I’ve been banging on about the great content in Gwyneth Paltrow’s Goop newsletters for a while now, and another good one arrived yesterday. And the idea of being “spent” got me thinking about how much information passes me by in a single day of working, reading and generally being on this earth. So I’ve decided to keep a rough track today of all the things I’ve done. It’s a running commentary that’s sort of inspired by Twitter, only with more context:
1. Start the day off by reading Book2Book, a UK trade newsletter, on the blackberry. Am drawn to this article that then sends me off to the Colin Robinson diary that I read yesterday afternoon. Ponder this for a second again over breakfast:
This privileging of the writer at the expense of the reader is borne out by statistics showing the annual output of new titles in the US soaring towards half a million. At the same time a recent survey revealed that one in four Americans didn’t read a single book last year. Books have become detached from meaningful readerships. Writing itself is the victim in this shift. If anyone can publish, and the number of critical readers is diminishing, is it any wonder that non-writers – pop stars, chefs, sports personalities – are increasingly dominating the bestseller lists?
Read a little bit of Gabor Mate’s When the Body Says No and start The Master and the Margarita on the way in to work.
2. Read a bit of the Quill and Quire as computer boots up. Glance at Daily Candy, Sweetspot.ca and Shelf Awareness newsletters on the handheld. Simply delete Haro. Shelf Awareness links me to an article on Variety about Pride and Predator. Consistently stunned about this news no matter where it’s reported.

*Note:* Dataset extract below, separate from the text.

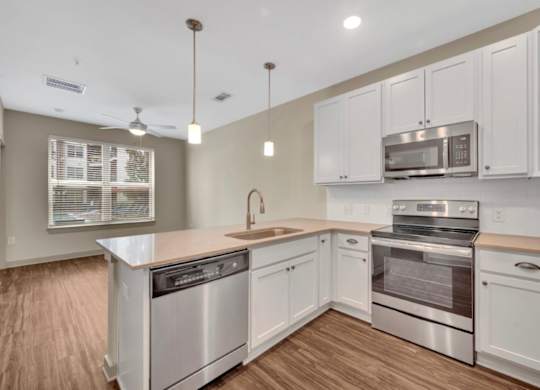 A kitchen with white cabinets and stainless steel appliances.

3. Work email. Actual work. Check web stats. Check MSN.
4. Learn about the upcoming Updike bio from Mediabistro. (Briefly considered started Rabbit, Run last night in honour of Updike’s passing but realized how much I hated it when I tried to read it three years ago.)

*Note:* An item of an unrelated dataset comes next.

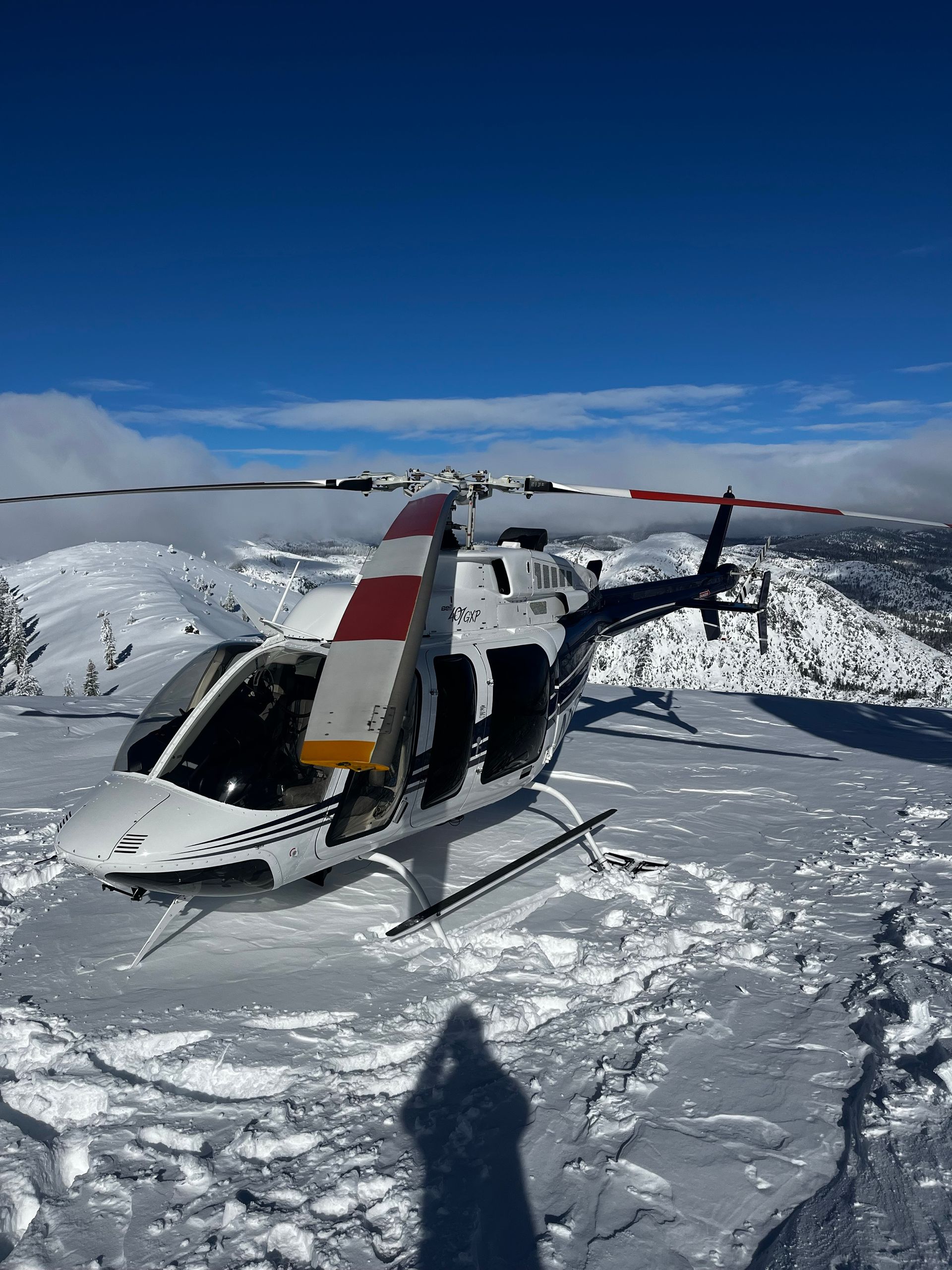 A helicopter is sitting on top of a snow covered mountain.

5. Read an article as it’s posted up on MSN. Put in a missing period.
6. More work email. Meeting about data. More work email. Reading data reports. More work email. Login to both my Twitter accounts. Read the Amazon top 100.
7. Read the daily review over at the new Globe Books section. Am reminding of the best math teacher in the world from high school who actually got me to understand and excel at the subject. And then promptly almost failed in Grade 12 when I got a different teacher who was terrible. Have decided I have severe “arithmophobia.” Browse Media in Canada.
8. This is a question I often ask myself.
9. Reading @stephenfry. It’s work, honest, we have a book coming out by him this summer.
10. Willa Cather’s 100 Year Old Minimalism takes me to Fifty-Two Stories. Am kind of enamoured by the idea of leaving deliberate blank spaces.
12. Everywomansvoice via newsletter. Work email. More work email. More more work email.
And that’s only until lunch.
I am jealous– you get to read much more interesting content than I do at work.
Ooh, Stephen Fry has a new book coming out? Is it fiction or non-fiction?
Nonfiction!
http://www.harpercollins.ca/books/9780061456381/Stephen_Fry_in_America/index.aspx
“Stephen Fry in America.”
It all sounds extremely interesting, yet I feel exhausted at the very idea of covering that much content in that space of time! I caught a bit of the “Stephen Fry In America” television show recently and it was very good–makes the book that much more tantalizing.
Your day sounds very busy but all with words; sounds good to me!Thanks for some great links. Surprisingly enough I have also been reading @stephenfry. Imagine that.